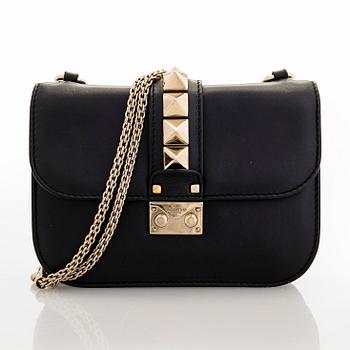 Valentino Garavani, a 'Glam Lock' bag.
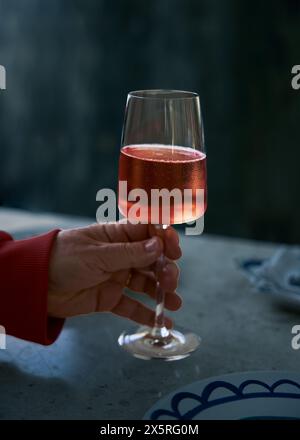 Un verre de vin rouge à la vapeur dans la main d'une femme. Banque D'Images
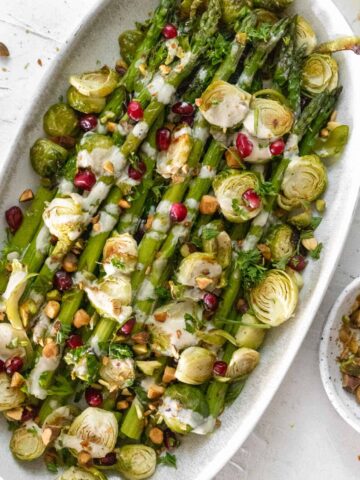 Roasted asparagus and brussels sprouts with a drizzle of lemon tahini sauce and a sprinkle of pistachios and pomegranate seeds on an oval platter.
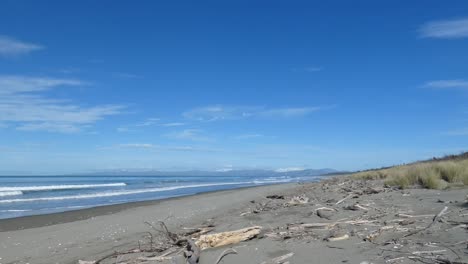 Small-waves-roll-into-driftwood-strewn-sandy-beach-on-a-sunny-winter's-day-with-snow-visible-on-distant-hills---Pegasus-Bay,-New-Zealand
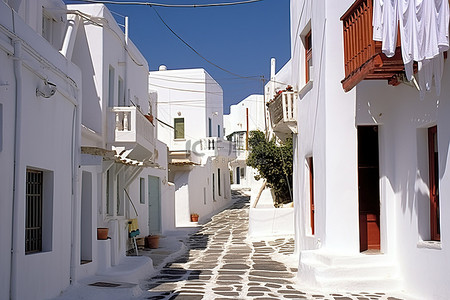 狭窄背景图片_一条白色的狭窄街道，两旁都是白色的建筑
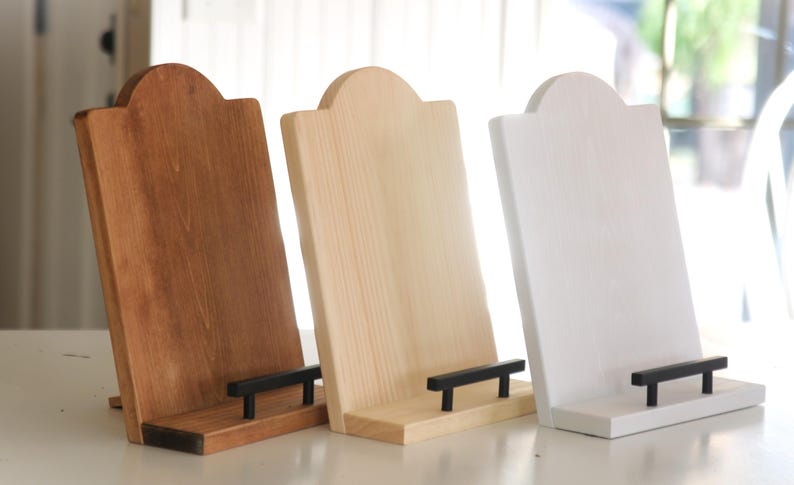 K&ouml;nnte beinhalten: Drei Tablet-St&auml;nder aus Holz in verschiedenen Farben: Dunkelbraun, Naturholz und Wei&szlig;. Jeder St&auml;nder hat eine rechteckige Basis mit einem schwarzen Balken zur Aufnahme eines Tablets und eine geschwungene Oberseite.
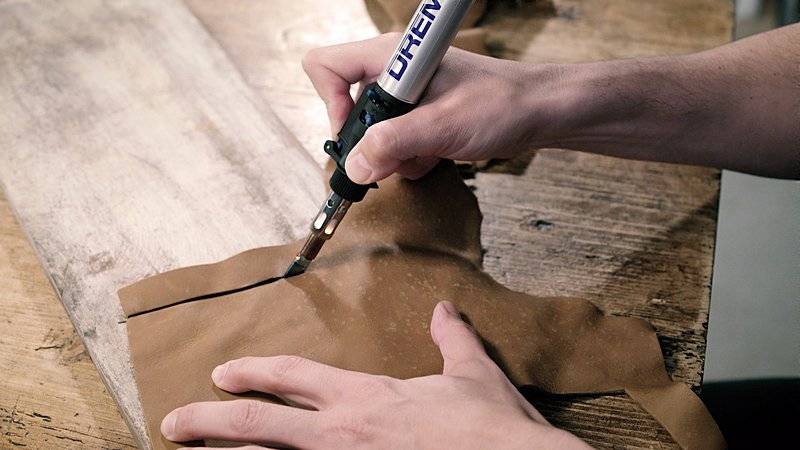 A person uses a soldering iron to cut through brown leather on a wooden table.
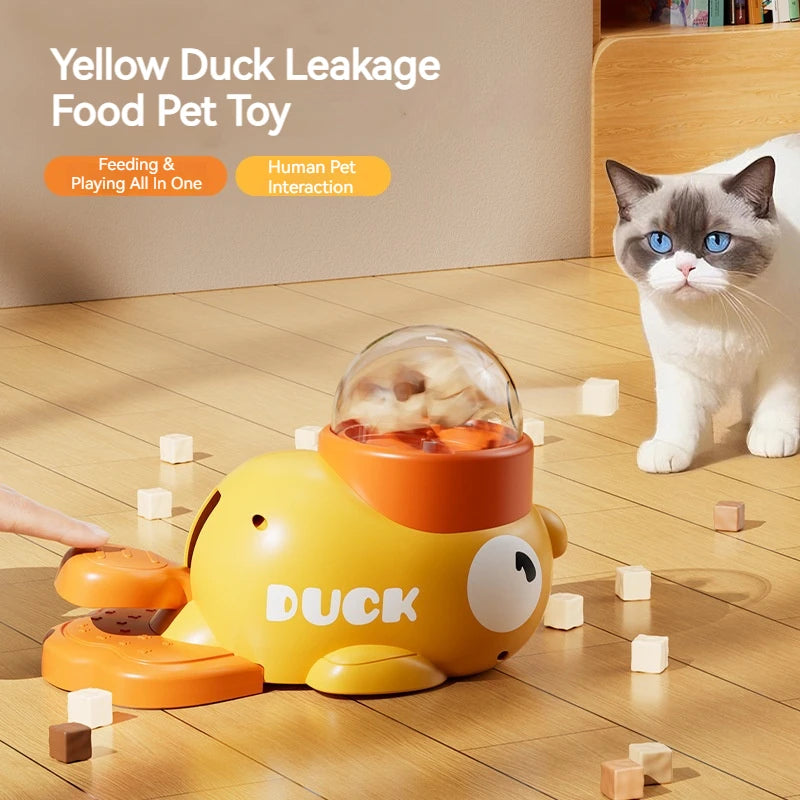 The Treat Duck on a wooden floor with a cat watching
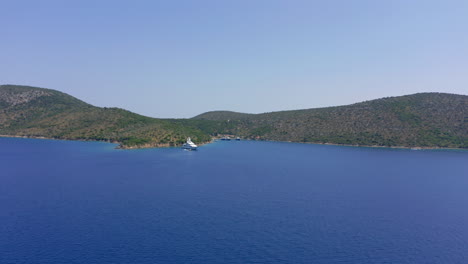 Aerial:-A-yacht-is-anchored-on-the-coast-of-Peristera-Greek-island-in-Sporades-during-a-summer-clear-day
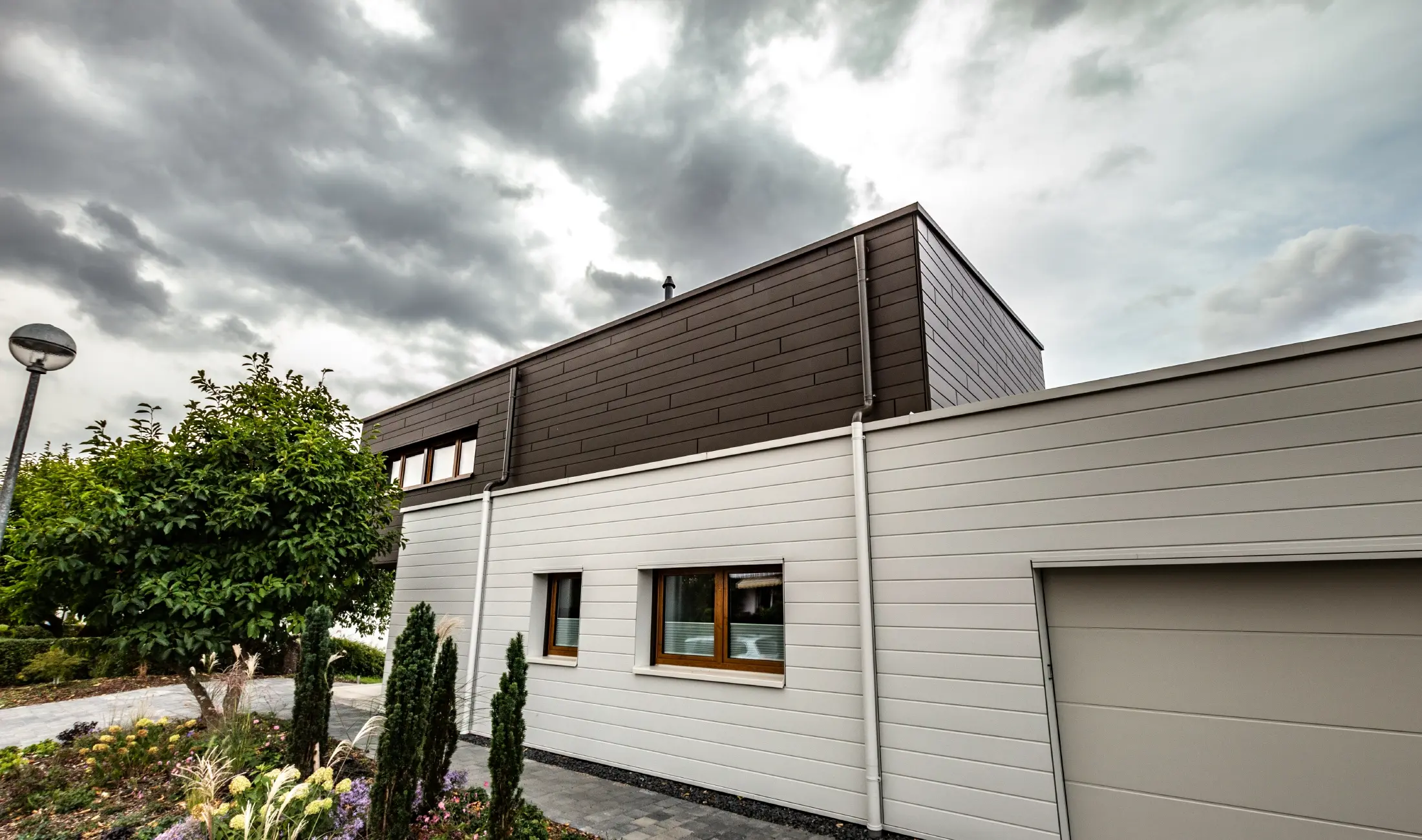 Fasadekledning på en garasje med PREFA Siding liggende i hvit, med regnmottaker.
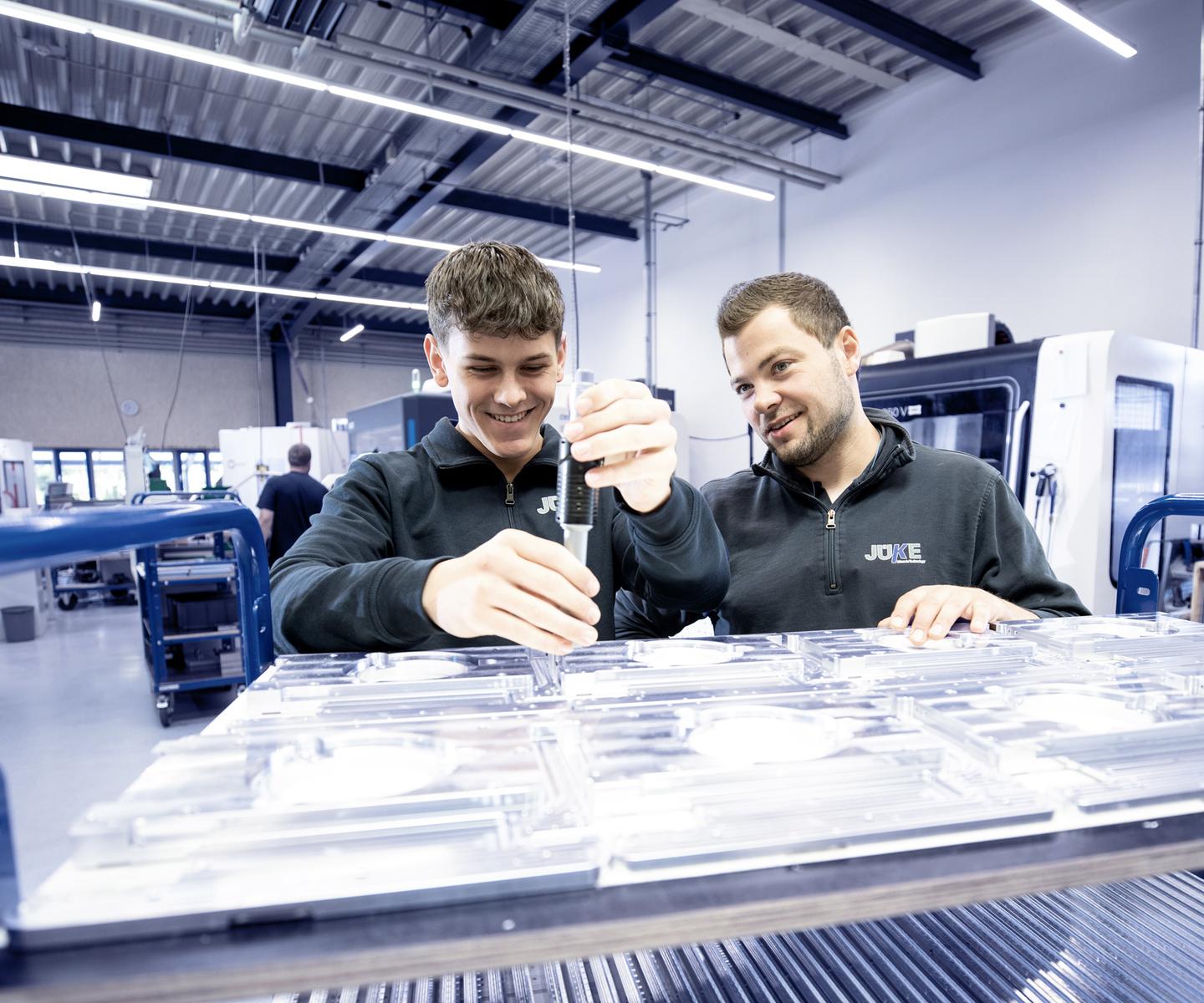 Zwei Männer überprüfen gemeinsam transparente Teile auf einem Werkstattwagen in einer modernen Fertigungsumgebung.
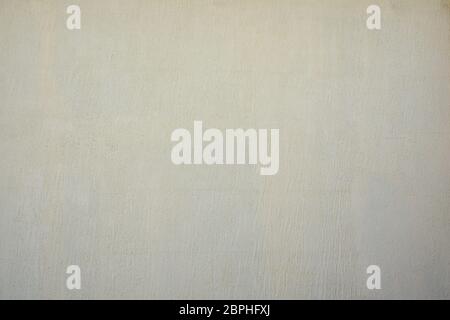 fragment of beige cement wall with irregularities, full frame Stock Photo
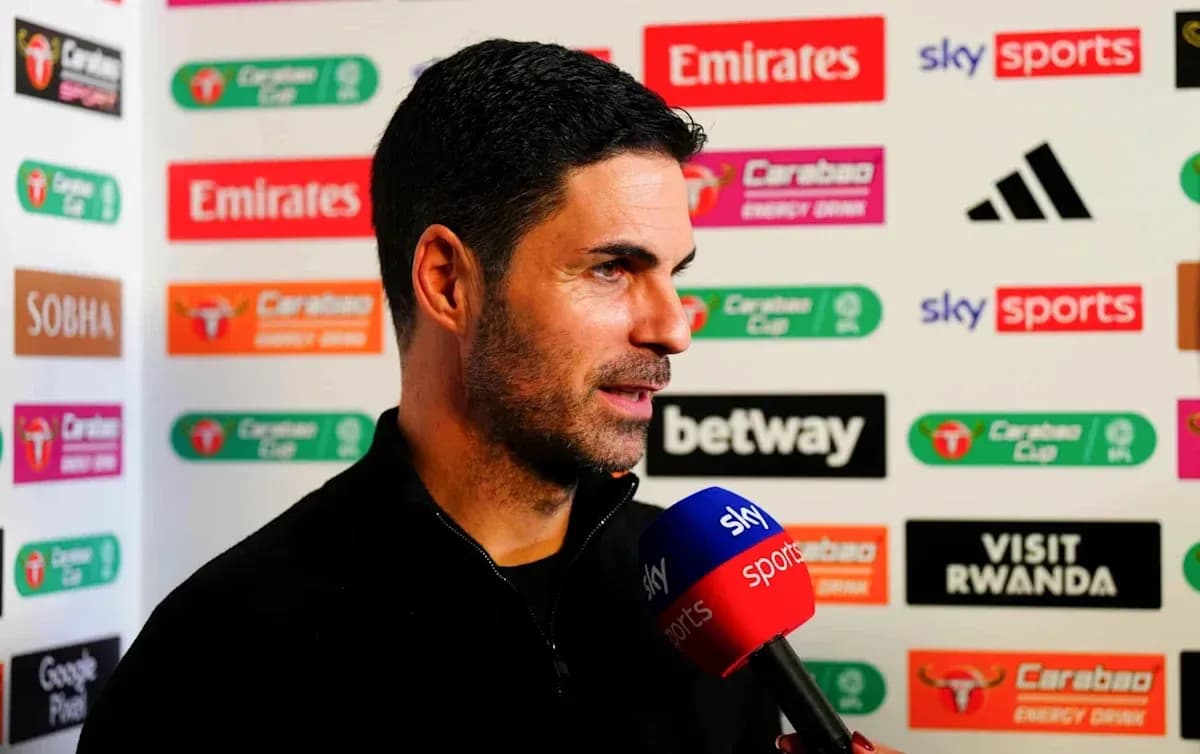 Manager speaking during post-match interview with microphone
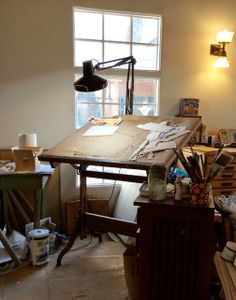 a messy room with lots of clutter on the floor and a desk in front of a window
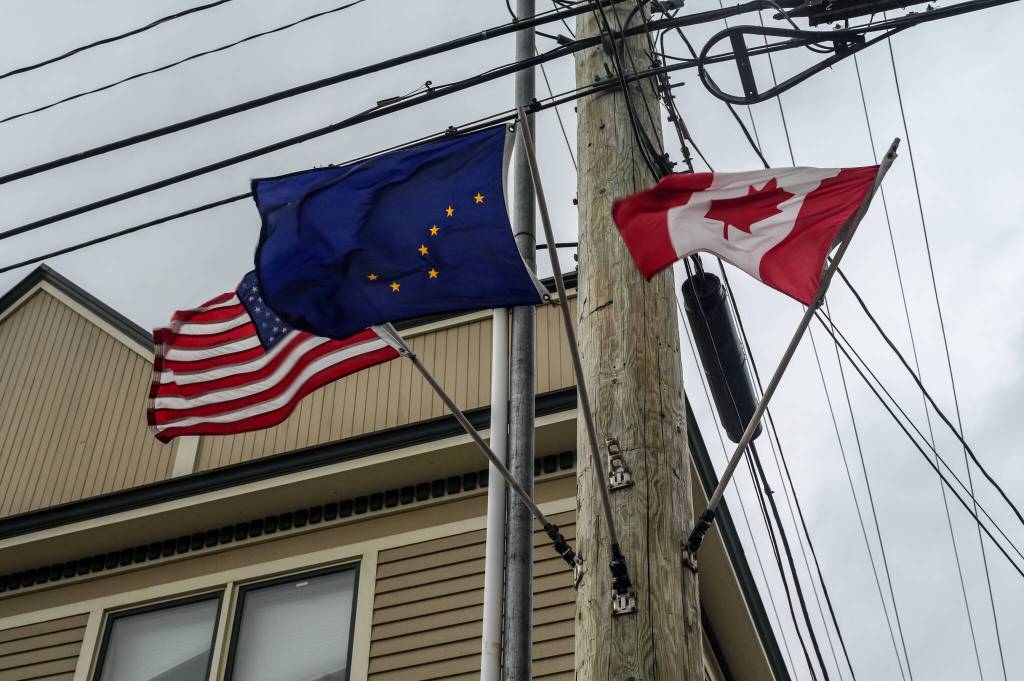 The U.S., Alaska state flag, and Canada flag wave in the wind in Skagway on Monday, June 16, 2025. (Jasz Garrett / Juneau Empire)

● ● ● ●

Task objective ▸ The output is the lines from the start of the data above through the line containing "Roasted asparagus and", unchanged, with any picture left out.

Answer to the problem ▸
 Valentino Garavani, a 'Glam Lock' bag.
 Un verre de vin rouge à la vapeur dans la main d'une femme. Banque D'Images
 Roasted asparagus and brussels sprouts with a drizzle of lemon tahini sauce and a sprinkle of pistachios and pomegranate seeds on an oval platter.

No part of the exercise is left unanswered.